TASK OBJECTIVE:
Repeat only the lines below from the one containing "Fractal Box logo" through the one containing "Energieverbrauch In Deutschland", inclusive, exactly as written.
[Opening RECORD EXTRACTS section]
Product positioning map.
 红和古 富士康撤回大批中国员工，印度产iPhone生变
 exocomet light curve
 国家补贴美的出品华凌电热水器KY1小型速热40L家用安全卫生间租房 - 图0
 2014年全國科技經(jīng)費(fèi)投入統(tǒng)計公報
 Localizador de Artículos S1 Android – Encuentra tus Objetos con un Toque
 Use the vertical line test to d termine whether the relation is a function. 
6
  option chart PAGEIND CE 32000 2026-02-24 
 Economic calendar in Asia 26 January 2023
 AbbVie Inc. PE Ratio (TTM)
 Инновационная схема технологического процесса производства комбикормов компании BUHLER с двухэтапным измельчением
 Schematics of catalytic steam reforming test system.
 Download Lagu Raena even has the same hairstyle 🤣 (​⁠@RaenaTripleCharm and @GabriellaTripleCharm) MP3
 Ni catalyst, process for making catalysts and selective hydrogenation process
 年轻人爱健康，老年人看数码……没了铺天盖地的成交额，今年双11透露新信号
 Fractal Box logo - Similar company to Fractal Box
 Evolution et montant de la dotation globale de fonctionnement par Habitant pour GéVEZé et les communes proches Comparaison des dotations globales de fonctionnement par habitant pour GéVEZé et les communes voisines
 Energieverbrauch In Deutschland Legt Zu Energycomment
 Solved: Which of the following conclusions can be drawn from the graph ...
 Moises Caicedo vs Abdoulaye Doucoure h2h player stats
[Closing RECORD EXTRACTS section]
ANSWER TO THE EXERCISE:
 Fractal Box logo - Similar company to Fractal Box
 Evolution et montant de la dotation globale de fonctionnement par Habitant pour GéVEZé et les communes proches Comparaison des dotations globales de fonctionnement par habitant pour GéVEZé et les communes voisines
 Energieverbrauch In Deutschland Legt Zu Energycomment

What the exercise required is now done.